Yes, distortion is usually not an issue, and the frequency response will be affected. Every case is different, but in most cases the changes are minimal.

Quote:
could one just wire up the 16 ohm tap to the 8 ohm speaker without any problems
Same answer as above. I have done both several times with good results. I have made frequency response measurements and found that if you stick to a 2:1 impedance ratio change or less the differences are minimal.

One of my Simple SE amps uses a 3K ohm transformer with the 8 ohm load on the 4 ohm tap for a 6K ohm load. The results are excellent. In some cases the 3K transformer may not have enough primary inductance to work well at 6K ohms causing some loss in low frequency response. In this case the low frequency response (3db point) changed from 24 Hz to 30 Hz.

I have tried to use the One Electron UBT-3 (3K ohms SE) as a 1.5 K transformer. It works but becomes somewhat lossy due to its relatively high DC resistance (235 ohms). I tried is as a 750 ohms (4 ohm load on 16 ohm tap) but much of the power is lost in the resistance of the primary.
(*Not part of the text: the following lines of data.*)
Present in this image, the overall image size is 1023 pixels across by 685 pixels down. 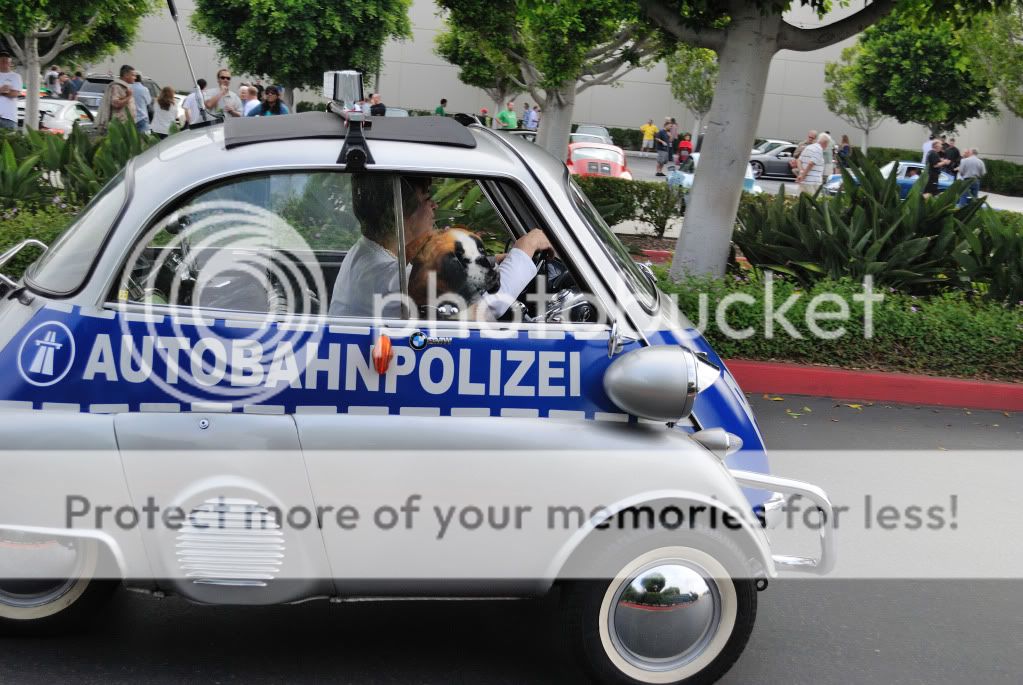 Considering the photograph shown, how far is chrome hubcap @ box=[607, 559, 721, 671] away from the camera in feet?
11.4

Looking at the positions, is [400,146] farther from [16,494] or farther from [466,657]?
[466,657]

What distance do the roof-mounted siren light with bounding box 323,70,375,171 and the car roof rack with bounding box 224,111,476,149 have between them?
1.7 inches

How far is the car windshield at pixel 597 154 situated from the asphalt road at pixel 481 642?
19748 millimetres

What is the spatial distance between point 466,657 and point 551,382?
3.82 ft

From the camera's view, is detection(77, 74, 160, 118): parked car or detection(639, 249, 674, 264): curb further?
detection(77, 74, 160, 118): parked car

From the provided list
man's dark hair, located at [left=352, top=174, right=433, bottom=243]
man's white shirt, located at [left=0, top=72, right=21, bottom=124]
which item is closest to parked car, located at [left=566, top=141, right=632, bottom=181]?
man's white shirt, located at [left=0, top=72, right=21, bottom=124]

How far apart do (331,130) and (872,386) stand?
550cm

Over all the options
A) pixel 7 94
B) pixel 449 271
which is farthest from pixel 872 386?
pixel 7 94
I have some 6600 ohm push pull transformers which I routinely use as 3300 ohm transformers. They work good.

Quote:
Will this overspec'd transformer operate poorly at the lower power level?
Since many OPT power ratings are optimistic any way a 2:1 over spec is probably a good thing.

Quote:
Other than weight and cost are there any inherent problems with using a higher power output transformer than we need? Is there a limit on how overspec'd the output transformer can be before problems set in?
If the OPT is grossly oversized a good percentage of the electrical energy sent to the transformer will be spent in magnetic losses leading to loss of efficiency and possible loss of fine detials in the music. I have seen and heard this effect using 11 pound Hammond "30 watt" transformers in a SE amp operating at 1/2 of a watt.